Moreover, KU Medical Center is collaborating with Cedars Sinai Medical Center in a psychoeducational study called "Emerging from the Haze" in which people with chemo-brain attend a weekly course for six weeks and learn to improve their cognitive function through guided relaxation, compensatory strategies for attention and memory problems, and behavioral strategies for negative thoughts. Participants have reported positive results, and the researchers are planning a larger study. They are also collecting saliva samples to identify genotypes that would make a patient more prone to chemo-brain.
Here at home, Myers is collaborating with Sally Maliski, Ph.D., RN, FAAN, dean of the KU School of Nursing, who is doing a prostate cancer study on men receiving androgen-deprivation therapy. That therapy suppresses testosterone, which can also impair cognitive function. Myers, who had learned about the research when she heard Maliski speak, set up a meeting with Maliski during which she suggested adding a cognitive component to the study. Maliski thought it was a great idea, and they were awarded a pilot project award from the KU Cancer Center and enrolled the first patients this year.

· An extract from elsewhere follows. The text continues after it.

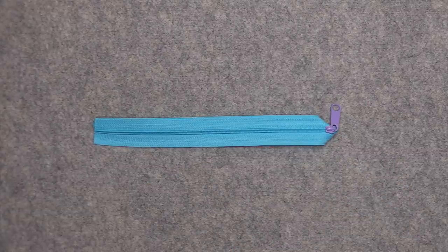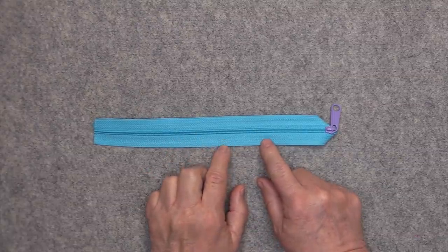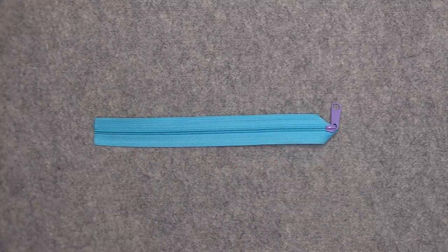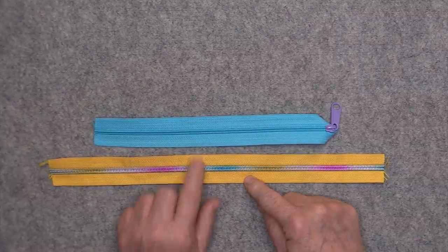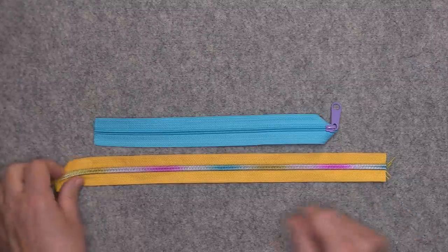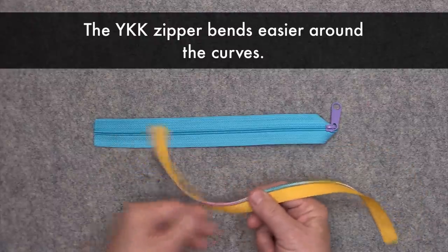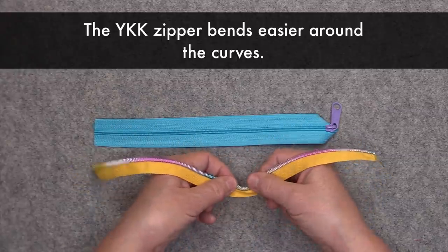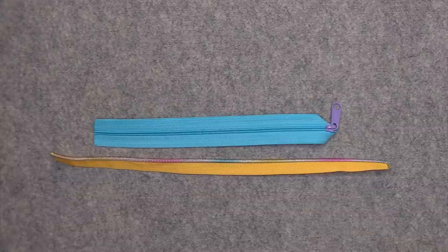I want to talk a little about the differences in zippers. This is a YKK 4.5 zipper, also known as a handbag zipper — the teeth are not very wide. I have another zipper here, a number five zipper, where the width of the tape is the same at one and a quarter inches wide, but the zipper teeth are much wider and much heavier. I prefer the YKK zipper because it bends around the curves much easier — the number five zipper is not very flexible around curves. You can use these, but it's much easier with the YKK zipper.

In the meantime, Myers encourages cancer patients who have cognitive problems to find a study to participate in, and to exercise. "We encourage them to find a form of exercise they can make a regular part of life," she said. "And then we also educate the patient and family on methods to cope with their situation."
Yet she believes the most important thing anyone can do for these patients is simply to validate their experience: "It's so common, and we just need to find a strategy that works for them."